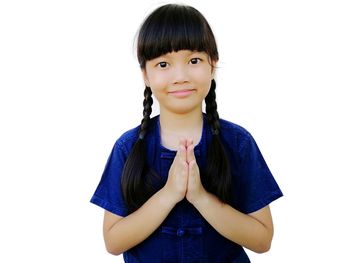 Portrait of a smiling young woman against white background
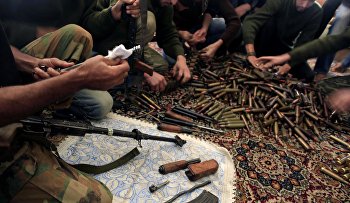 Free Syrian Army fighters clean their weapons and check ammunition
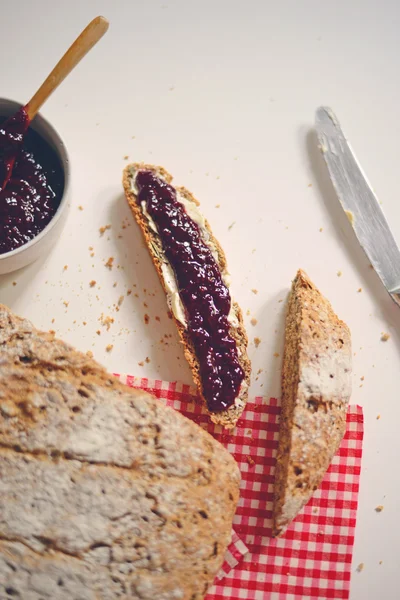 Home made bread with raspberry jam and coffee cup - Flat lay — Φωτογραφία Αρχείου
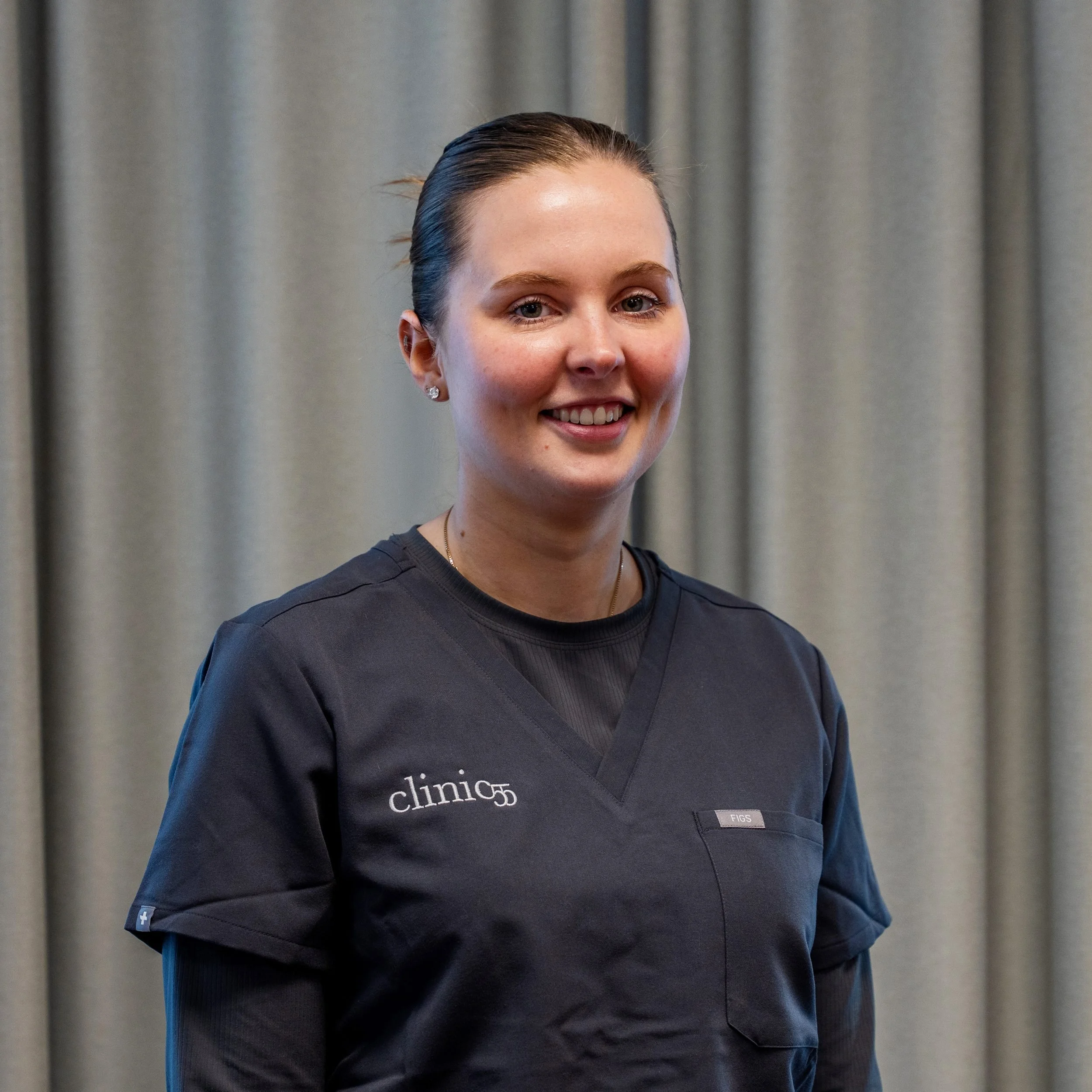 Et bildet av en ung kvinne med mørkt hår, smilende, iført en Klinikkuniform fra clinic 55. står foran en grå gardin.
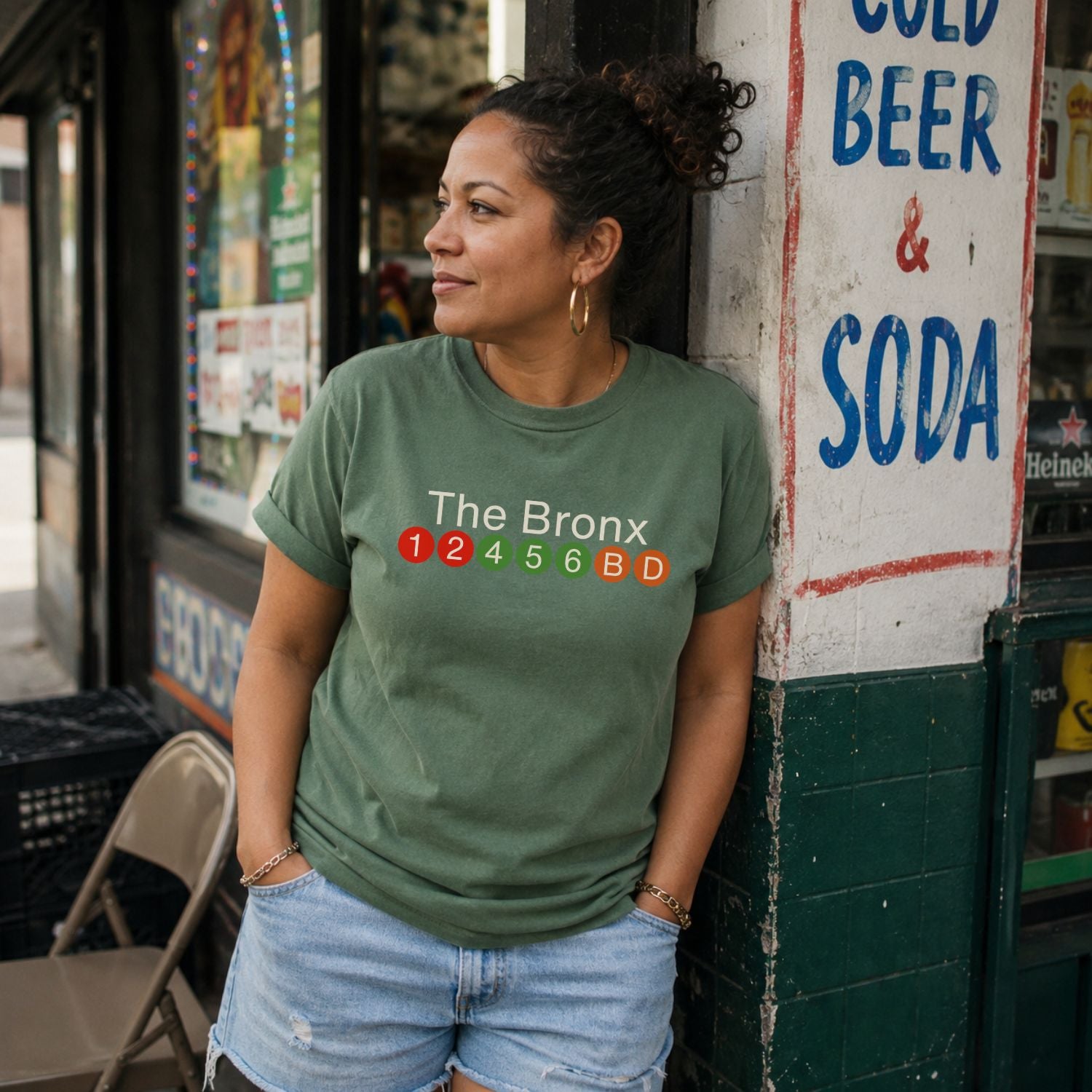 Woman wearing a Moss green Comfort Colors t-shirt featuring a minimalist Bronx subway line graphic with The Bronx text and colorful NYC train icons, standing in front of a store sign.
──────────────────────────────
Reproduce the listing verbatim, pictures excluded.

 Portrait of a smiling young woman against white background
 Free Syrian Army fighters clean their weapons and check ammunition
 Home made bread with raspberry jam and coffee cup - Flat lay — Φωτογραφία Αρχείου
 Et bildet av en ung kvinne med mørkt hår, smilende, iført en Klinikkuniform fra clinic 55. står foran en grå gardin.
 Woman wearing a Moss green Comfort Colors t-shirt featuring a minimalist Bronx subway line graphic with The Bronx text and colorful NYC train icons, standing in front of a store sign.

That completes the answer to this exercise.